I've been in this market for seven years. I started with 30,000 yuan, and now my account has reached the 50 million level. Many people ask me what my secret is. To be honest, it's all about sticking to the "50% Position Rule"—never risking everything, never going all-in.



On average, I can achieve a 70% monthly return. I once mentored a student who followed this strategy and doubled their capital in three months. The market looks pretty good today, so I felt inspired to lay out the things I've learned over the years.

**Let's start with position sizing.**
I divide my principal into five parts and never use more than one part per trade. Each trade has a 10% stop-loss, so even if I hit a bad trade, I only lose 2% of my total account.
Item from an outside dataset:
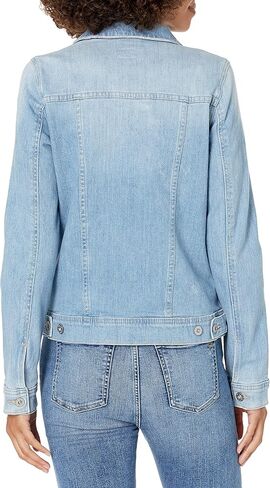 AG Adriano Goldschmied Women's MYA Denim Jacket in Saudi Arabia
Even if I get five trades wrong in a row, the total loss is just 10%. But as long as I catch the right trend, taking profits above 10% is easy—no matter how you calculate it, you can't lose.

**About trend judgment.**
Most rebounds during a downtrend are bull traps. In a real uptrend, every dip is a buying opportunity. Don't always try to catch the bottom or the top—following the market works better than guessing turning points. Coins that spike in the short term? Don't touch them. Whether it's blue chips or small caps, consecutive strong rallies are rare, and the higher the price goes, the harder it is to keep climbing. If you see high volume at the top but the price doesn't move, that's a signal it's running out of steam and will probably go down next.
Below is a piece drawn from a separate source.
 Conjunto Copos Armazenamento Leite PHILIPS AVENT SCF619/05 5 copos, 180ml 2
**As for technical indicators, I mainly watch MACD.**
When the DIF and DEA lines cross upwards below the zero line and break above it, that's a solid entry point. Conversely, if the MACD dead crosses and turns down above the zero line, it's time to reduce your position—no hesitation.

**Here's a pitfall you must avoid—averaging down on losing positions.**
This strategy has ruined countless retail investors: lose, add more, lose even more, and get stuck deeper. Remember this: only add to winning trades, never throw good money after bad on losing ones.

**Keep a close eye on volume and price action.**
If a coin consolidates at a low level for a long time and suddenly breaks out with volume, it's worth watching. If there's high volume at the top but the price stalls, get out. Volume doesn’t lie—it's the truest reflection of market sentiment.

**The moving average system is my main battlefield.**
If the 3-day MA turns up, there's short-term potential. If the 30-day MA is rising, the mid-term trend is in place. If the 84-day MA starts to rise, it means we're entering a major rally. If the 120-day MA is also up, that's a long-term bull market. Time is money—picking the right trend makes you ten times more efficient.

**You must review your trades after every close.**
Check if your logic has changed, whether the weekly trend matches your expectations, and watch for any signs of reversal. The market changes, and your strategy needs to adapt.

Ultimately, relying on emotion or luck won’t get you far in this market. Only a systematic thinking framework and a repeatable trading method can cut through the noise and distractions and actually make you money.